(Image-caption web data)
Content starts

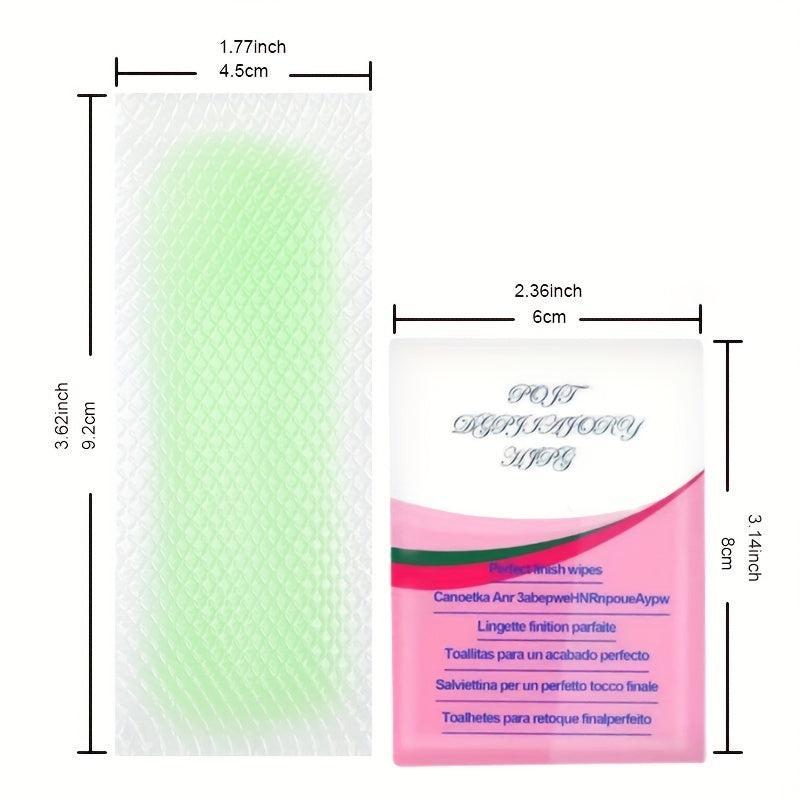 Hair Remover Wax Strip Dual Sided Facial Wax Strips - 30 Pcs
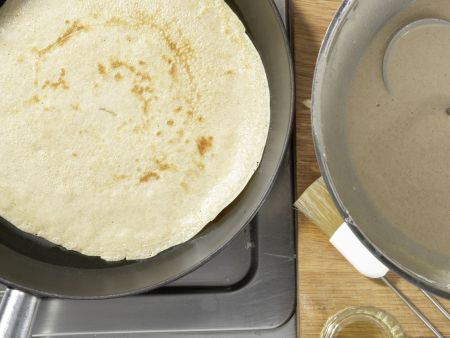 Pfannkuchen-Wraps Zubereitung Schritt 1 Pfannkuchen-Wraps Zubereitung Schritt 1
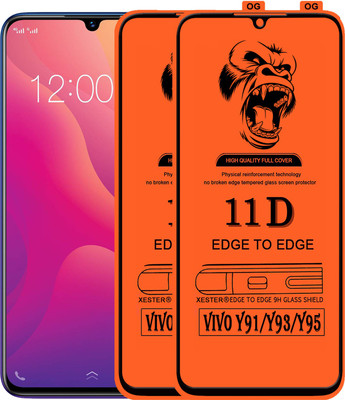 PEPHONE Edge To Edge Tempered Glass for VIVO Y91(Pack of 1)
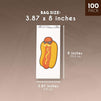 Paper Hot Dog Bags for Carnival and Party Supplies (4 x 8 x 1.5 Inches)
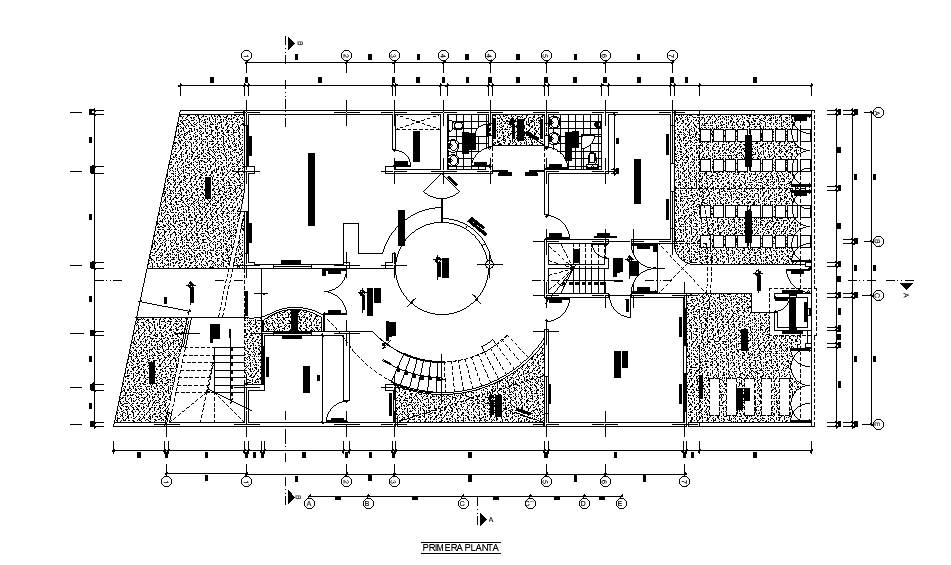 2x13m local institution is given in this drawing model. Download now.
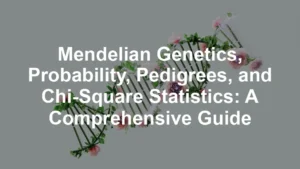 Featured image for Mendelian Genetics, Probability, Pedigrees, and Chi-Square Statistics: A Comprehensive Guide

Content ends

**Task prompt:**
From the first line of the entries above through the line with "2x13m local institution", set down each line exactly and drop the pictures.

**Expected output:**
 Hair Remover Wax Strip Dual Sided Facial Wax Strips - 30 Pcs
 Pfannkuchen-Wraps Zubereitung Schritt 1 Pfannkuchen-Wraps Zubereitung Schritt 1
 PEPHONE Edge To Edge Tempered Glass for VIVO Y91(Pack of 1)
 Paper Hot Dog Bags for Carnival and Party Supplies (4 x 8 x 1.5 Inches)
 2x13m local institution is given in this drawing model. Download now.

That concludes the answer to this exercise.